[libcxx-commits] [PATCH] D148432: [libc++] Simplify the tuple constructor overload set

Nikolas Klauser via Phabricator via libcxx-commits libcxx-commits at lists.llvm.org
Sat May 13 17:26:58 PDT 2023


philnik added a comment.

In D148432#4339935 <https://reviews.llvm.org/D148432#4339935>, @Mordante wrote:

> I haven't looked at the patch itself in detail, but the stats look nice.
>
> However I'm very concerned with the approach of this patch and the decision making in libc++.
> As mentioned on Discord I think we open ourselves to Hyrum's law by depending on undocumented compiler features.
> AFAIK no compiler documents these extensions and the guarantees they offer for these features. I really have
> no idea what GCC guarantees or wants to promise. Since we don't test ToT GCC we will only discover breakage
> after the fact.

Clang has actually started documenting these kinds of extensions: https://clang.llvm.org/docs/LanguageExtensions.html#language-extensions-back-ported-to-previous-standards. We already only discover breakages after the fact, so I don't see how that's relevant.

> As mentioned before, discussions on Discord often don't end in any conclusion/consensus before moving ahead.
> I really would like to see libc++ improve in this area. I've talked @ldionne privately about this in the past.

You were the only person to object to this. Everybody else who commented (Costa, Louis, Eric) was in favor of it.

> I think it would be very good to discuss some of these policies, the same like considering the removal of
> C++03 support. I agree these kind of changes make maintenance for us, the libc++ developers, a lot easier.
> However, what is the size of our community that are negatively affected by these changes?
> Since it's only discussed on Discord interested/affected parties may have missed the entire discussion.

We obviously don't know whether people are affected by this, but I would be very surprised if anybody was. We already assume lots of extensions specific to clang and GCC, and no vendor has expressed any concerns so far (also not with this patch).

> I think it's important to communicate these kind of changes upfront. We don't have a
> `_LIBCPP_DISABLE_FEATURE_CONDITIONAL_EXPLICIT_CONSTRUCTOR` like we do when we do in our normal deprecation.
> So if this breaks somebody after LLVM 17 is released they have no easy way to opt-out. IMO we should add
> that and keep it for (at least) two releases, just like we do with deprecation.

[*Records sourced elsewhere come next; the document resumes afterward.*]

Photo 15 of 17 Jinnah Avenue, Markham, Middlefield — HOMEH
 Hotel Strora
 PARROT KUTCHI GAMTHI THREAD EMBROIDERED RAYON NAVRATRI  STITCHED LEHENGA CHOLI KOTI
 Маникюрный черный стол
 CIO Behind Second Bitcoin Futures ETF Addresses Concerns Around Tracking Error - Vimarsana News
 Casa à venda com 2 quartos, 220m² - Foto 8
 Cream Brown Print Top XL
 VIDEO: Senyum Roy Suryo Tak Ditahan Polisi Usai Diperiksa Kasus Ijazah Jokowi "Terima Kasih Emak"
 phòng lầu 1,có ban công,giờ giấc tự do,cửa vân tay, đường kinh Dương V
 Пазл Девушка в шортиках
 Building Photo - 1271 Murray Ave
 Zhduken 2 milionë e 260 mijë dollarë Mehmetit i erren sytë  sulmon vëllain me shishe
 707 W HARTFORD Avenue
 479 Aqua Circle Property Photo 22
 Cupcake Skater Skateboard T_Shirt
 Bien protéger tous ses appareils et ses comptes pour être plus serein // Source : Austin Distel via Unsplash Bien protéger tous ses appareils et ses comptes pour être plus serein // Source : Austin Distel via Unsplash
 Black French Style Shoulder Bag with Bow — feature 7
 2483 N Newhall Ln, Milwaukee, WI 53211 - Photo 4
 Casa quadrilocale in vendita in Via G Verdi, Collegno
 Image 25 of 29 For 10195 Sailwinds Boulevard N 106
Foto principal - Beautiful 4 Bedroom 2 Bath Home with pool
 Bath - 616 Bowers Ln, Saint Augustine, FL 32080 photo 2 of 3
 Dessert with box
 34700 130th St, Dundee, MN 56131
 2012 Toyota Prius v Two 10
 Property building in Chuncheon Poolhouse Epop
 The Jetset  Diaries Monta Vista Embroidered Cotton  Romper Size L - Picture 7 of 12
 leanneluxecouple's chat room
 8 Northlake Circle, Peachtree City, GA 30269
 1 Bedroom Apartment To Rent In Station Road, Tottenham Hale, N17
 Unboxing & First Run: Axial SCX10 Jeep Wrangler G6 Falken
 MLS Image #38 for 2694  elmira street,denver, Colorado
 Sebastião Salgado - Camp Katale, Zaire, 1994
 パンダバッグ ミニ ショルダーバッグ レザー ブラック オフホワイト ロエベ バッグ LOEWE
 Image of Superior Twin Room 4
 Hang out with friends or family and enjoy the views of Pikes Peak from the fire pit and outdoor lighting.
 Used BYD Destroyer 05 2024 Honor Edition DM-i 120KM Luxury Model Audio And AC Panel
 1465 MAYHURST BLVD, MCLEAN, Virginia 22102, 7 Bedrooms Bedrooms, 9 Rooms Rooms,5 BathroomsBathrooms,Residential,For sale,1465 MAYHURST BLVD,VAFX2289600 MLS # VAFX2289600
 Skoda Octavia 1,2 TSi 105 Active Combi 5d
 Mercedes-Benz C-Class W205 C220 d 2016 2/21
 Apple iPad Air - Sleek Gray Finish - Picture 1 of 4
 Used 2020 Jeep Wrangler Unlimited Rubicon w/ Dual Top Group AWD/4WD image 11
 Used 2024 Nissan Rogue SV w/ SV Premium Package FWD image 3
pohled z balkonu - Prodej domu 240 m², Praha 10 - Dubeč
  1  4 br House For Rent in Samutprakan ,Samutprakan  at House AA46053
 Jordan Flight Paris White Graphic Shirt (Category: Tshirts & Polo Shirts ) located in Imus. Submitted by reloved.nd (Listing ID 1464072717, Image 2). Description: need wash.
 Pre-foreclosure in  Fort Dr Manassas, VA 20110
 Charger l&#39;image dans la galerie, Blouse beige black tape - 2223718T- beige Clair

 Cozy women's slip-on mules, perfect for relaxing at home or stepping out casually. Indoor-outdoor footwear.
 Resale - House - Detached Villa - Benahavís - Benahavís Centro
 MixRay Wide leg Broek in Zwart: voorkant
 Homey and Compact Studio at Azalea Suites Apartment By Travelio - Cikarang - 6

IMO that doesn't make sense. We only support Clang and GCC, which support these extensions, and vendors test everything pre-release. If anybody finds a problem with it, we can still revert. Even if that lets things fall through the cracks, we can still revert in 17.0.whatever, and the far majority of users won't have a problem.

> If we want to go in this direction we should document which extensions are allowed and which are not.
> Preferably after making sure what the policy of these undocumented compiler features for different vendors
> mean. Note that libc++ has removed backported features when they resulted in a maintenance burden.
> I don't expect that be as troublesome in compilers, but I'm not sure.

If I understand @aaron.ballman's comments correctly, they consider all documented extensions to be very hard to impossible to remove, and AFAICT quite easy to keep support for (at least for the from-later-standards ones). If you want, we can reach out to GCC folks to make sure they don't see things drastically different (which I don't expect given the amount of, even non-conforming, GNU extensions).